New painting by Alan Halliday acquired by the College
Halliday’s work is well known in College. His portrait of the celebrated tenor and Honorary Fellow Ian Bostridge singing Britten’s Death in Venice hangs in the Lodgings, and his work is also on display in the Kendrew Café.
The new work shows the President’s Garden as it was before construction began on the Study Centre, and is one of a series of six painted by Alan at the President’s invitation last September. Alan has also very kindly given to the College his original pastel drawings on which the paintings are based.
Since receiving his D.Phil at St John’s in 1982, Halliday has worked as a full-time professional artist, often specialising in paintings of the theatre, for the Royal Ballet, Royal Opera, Royal Shakespeare Company, National Theatre and others. In 2015 the College hosted an exhibition of these paintings called ‘Vive le théâtre!’
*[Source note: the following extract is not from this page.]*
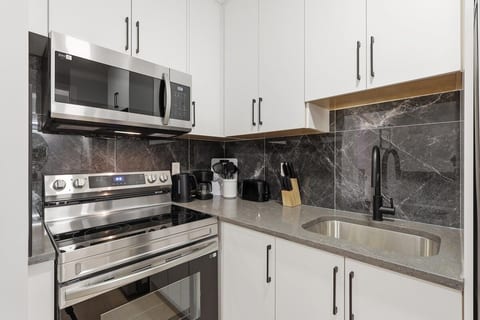 Bright & Spacious 2-Bedroom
Alan Halliday is internationally acclaimed for his colourful, dynamic work. Writing in The Times, art critic John Russell Taylor said, ‘Halliday paints what obsesses him. His style is boldly calligraphic. Even his large-scale oil paintings depend on the definition of effective line, while his smaller works in ink, gouache, and pastel are built on a structure of amazingly fluid, spontaneous strokes of the pen; but they are in fact more than that. While the line may define the form, it is the colour which gives it form and life.’ His first mentor, John Piper, summed up Halliday’s style as ‘an arrangement of painted marks, all on the surface and yet all in depth.’
Halliday’s paintings are held in many public collections such as the Victoria & Albert Museum, Theatre Museum and Museum of London, as well as in several Oxford colleges.